According to the npm team, the backdoor "allowed for an attacker to input arbitrary code into a running server and execute it."

The original backdoored module was imported in other packages

But things didn't end here. The "getcookies" library was new and not that popular, being included in very few projects.

The npm team says it discovered a nested dependency chain through which the "getcookies" package had indirectly made it into the structure of a much popular library called "Mailparser."

mailparser
└── http-fetch-cookies
     └── express-cookies
          └──getcookies

Mailparser is an npm package for parsing email data using JavaScript. This is an old library, and one that's been deprecated in favor of a newer one named "Nodemailer."

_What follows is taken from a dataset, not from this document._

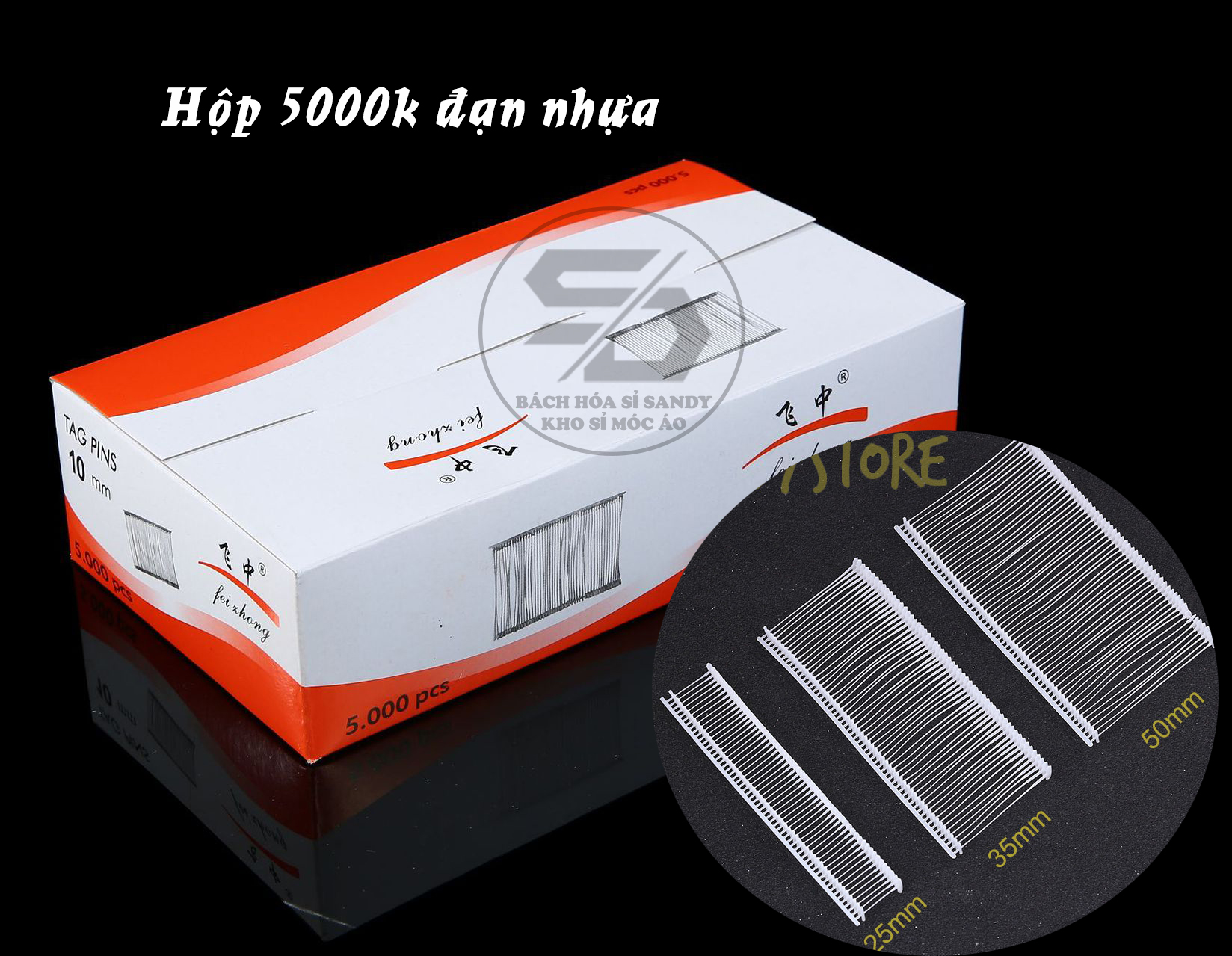 Dụng Cụ Súng Gắn Tem Mác Quần Áo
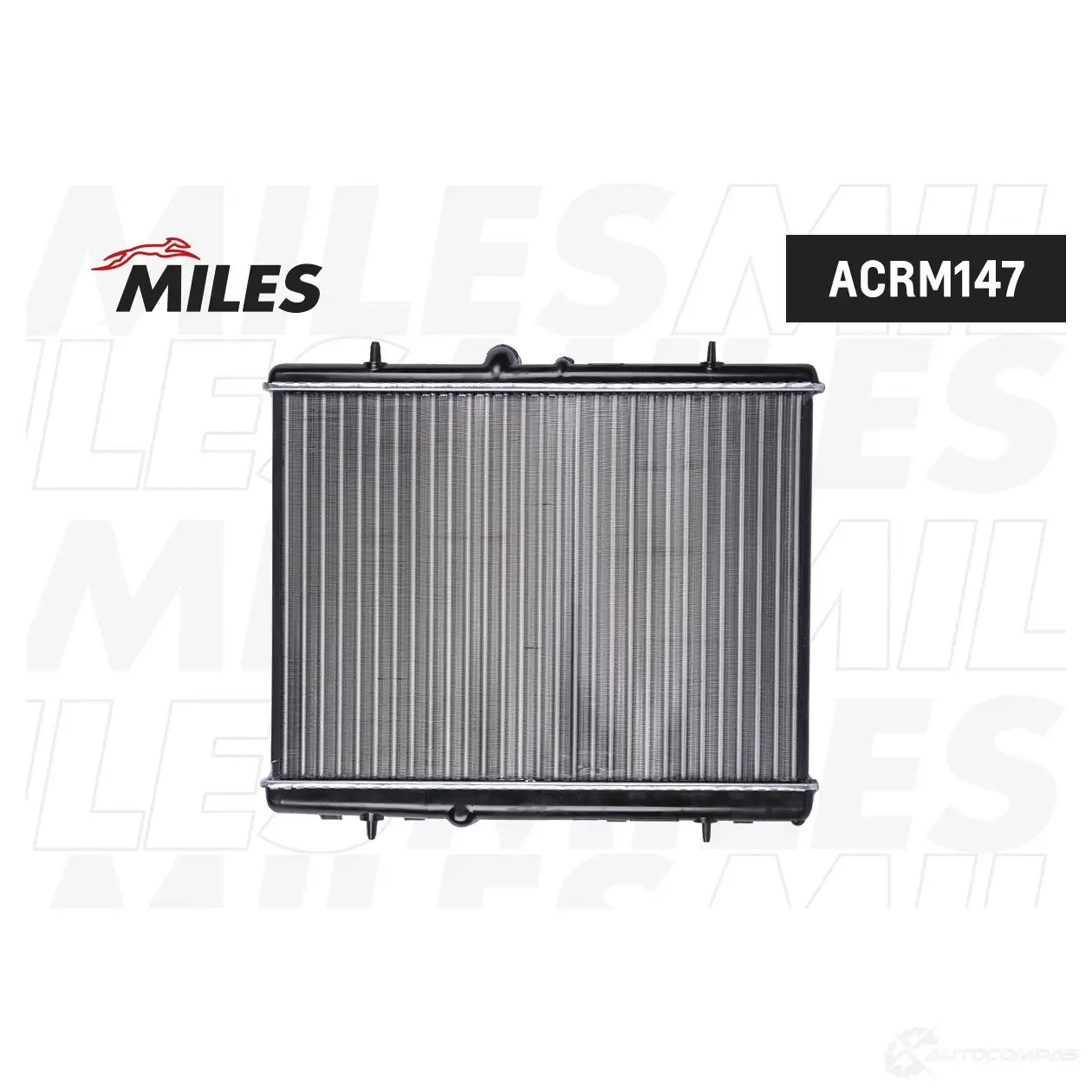 Радиатор охлаждения двигателя MILES ACRM147 1420675031 T PTOWL изображение 1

But despite being abandoned, the library has not been unpublished from the npm package index, as there are older applications that still use it in their build chains. At the time of writing, the Mailparser npm page listed over 66,000 weekly downloads.

No attacks reported

"We speculate that mailparser’s requiring http-fetch-cookies was to execute an attack in the future or to inflate download counts of express-cookies to add to its legitimacy," the npm team said today in an incident response report.

Investigators also suggest that no attacks to exploit the backdoor appear to have taken place because the "no packages published to the npm Registry used the malicious modules in a way that would have allowed the backdoor to be triggered."

Npm index maintainers appear to have caught a future supply-chain attack before it happened. The npm team has also removed the "dustin87" user behind the attack and unpublished the getcookies, express-cookies, and http-fetch-cookies packages.

They've also rolled Mailparser to v2.2.0, removing three versions (2.2.3, 2.2.2, and 2.2.1) that contained the http-fetch-cookies malicious package.

There have been previous incidents

Back in August 2017, the same npm team removed 38 JavaScript npm packages that were caught stealing environment variables from infected projects.

Something similar happened on PyPI — Python Package Index — the official third-party software repository for the Python programming language. Back in September 2017, the Slovak National Security Office (NBU) found and reported ten malicious Python packages on PyPI, which were promptly removed.